(Your instructions): Please repeat only the lines below starting at the line that holds "Close-up of gold" and ending at the line that holds "Grundschüler dekorieren einen Weihnachtsbaum", exactly, with both of those lines included and every picture omitted.

*** Given data ***

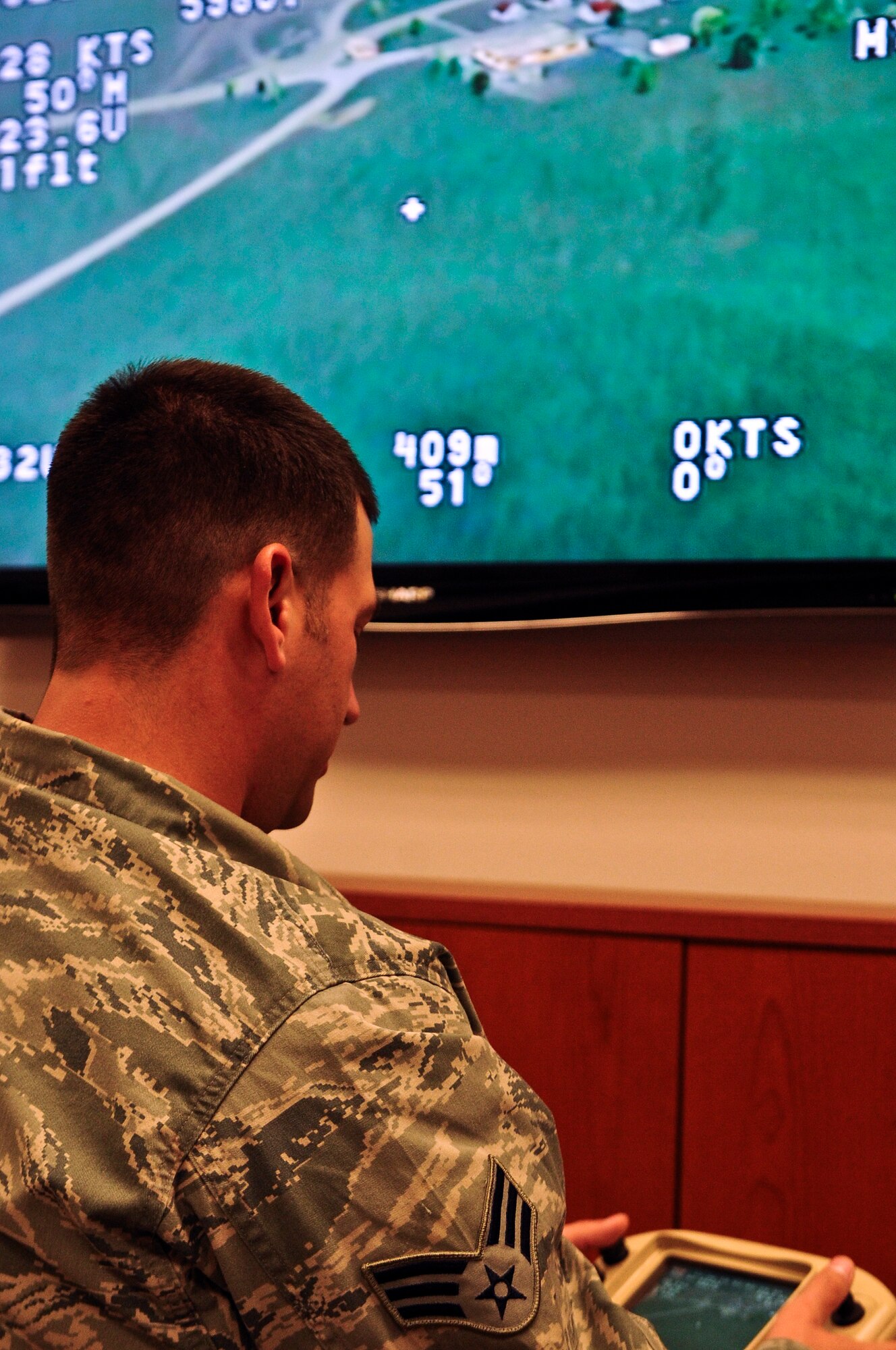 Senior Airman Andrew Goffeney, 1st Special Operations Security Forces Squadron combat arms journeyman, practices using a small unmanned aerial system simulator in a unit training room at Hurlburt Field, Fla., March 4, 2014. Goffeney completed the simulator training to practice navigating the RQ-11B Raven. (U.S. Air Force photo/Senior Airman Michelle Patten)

***
*** Given data ***

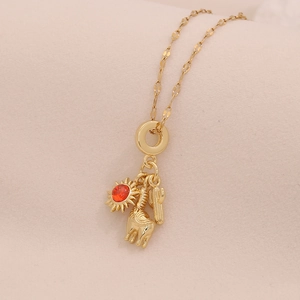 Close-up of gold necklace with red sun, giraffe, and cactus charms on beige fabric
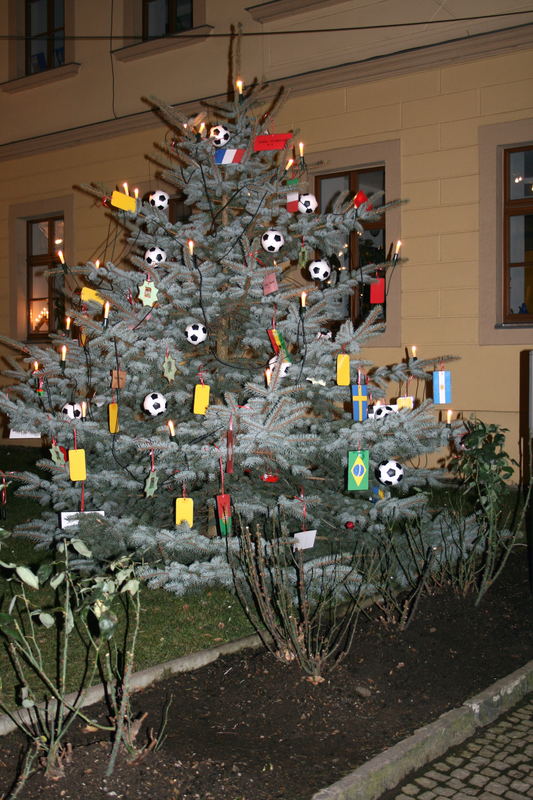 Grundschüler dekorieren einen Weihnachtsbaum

***

(Exercise output):
 Close-up of gold necklace with red sun, giraffe, and cactus charms on beige fabric
 Grundschüler dekorieren einen Weihnachtsbaum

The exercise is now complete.